Thursday, May 8, 2008

Things to consider before investing in real estate


Real estate has always been seen as a potential gold mine for investors, not only in the country, but all around the world. Taking aside the odd sub-prime market crash or two, real estate is by far the safest option to invest your money where you are assured of a profitable return, the scale of which may vary on your timing. However, in this sector, investments are usually very heavy, and it was often seen that only the filthy rich could afford to invest in property and constantly replenish their overstuffed bank accounts.


But now, the past few years have seen the rise of middle class investors as a major part of the real estate market. Awareness created by various media have cemented this psyche into their minds that even if they have to cut down on their costs today, it would ultimately lead to gains of mammoth proportions.

Hence, here we are, witnessing a flurry of constructions going on and many middle class families owning two residential properties on an average in metros. While this is all good for raising the overall standard of living of the quintessential Indian, there are a few points that should be taken care of before deciding to invest in real estate. Often, the flat or plot you purchase would come with a lot of, let’s say, fringe costs.

Taxation

There are two categories in this regard: wealth tax and income tax. Wealth tax is charged when you own more than one residential property. Mainly, it is when your net wealth crosses Rs. 15 Lacs, and applies to cars, jewellery, and many other assets.

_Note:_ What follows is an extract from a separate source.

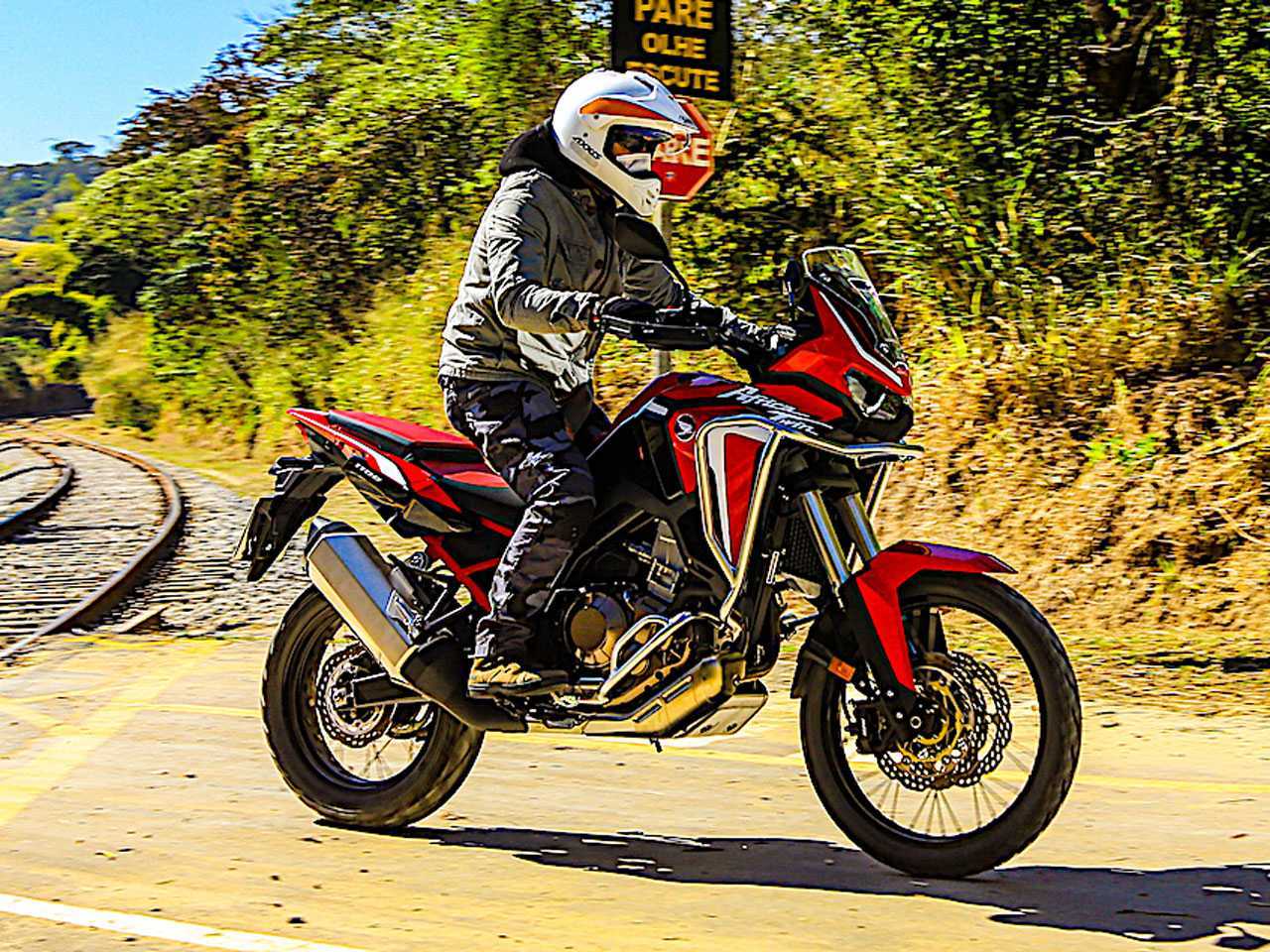 HondaCRF 1100L Africa Twin 2021 - 3/4 frente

Apart from that, you have to pay income tax over the potential rent that your residential property is expected to bring in, even if it is not rented out. This potential rent is decided by authorities, and is based on your property’s annual value.

The flipside is that it would allow for tax savings due to the government’s tax policy which exempts housing loan amount from the taxable income slab upto Rs. 1.5 lac. It might increase your take-home pay, but would further burden you with your cash outflow by the means of EMIs. The best option in this regards would hence be to take the minimum amount possible and to pay it off as soon as possible.

Leverage

Leveraging refers to borrowing money to make an investment, and affects the expected returns on your investments quite significantly. Suppose you bought a home at an interest rate of 10%, and the value of the property goes up by 50%, your returns would be 40% only, after deducting the interest charged. To further up the ante, if, by a stroke of bad luck, real estate prices fell by 10%, you would be burdened by a further 10% to take you 20% lower on the investment scale. Hence, the main focus should be to pay off the loan by the earliest.

Liquidity


Another important point in this regard is the liquidity issue. While you may own a plush 3BHK apartment in the suburbs worth Rs. 80 lacs, it is of no value if it does not get a buyer who is ready to pay that kind of money. Keeping this thing in mind always helps, since real estate does not come under your disposable income, but is instead a means for future security

In the end, it all boils down to this. Investing in real estate is a good decision if you have your financial strategy planned out, which includes all the points mentioned above. It is true that real estate most certainly helps in getting better returns, but also results in heavy initial investments. Hence, proper planning is most essential.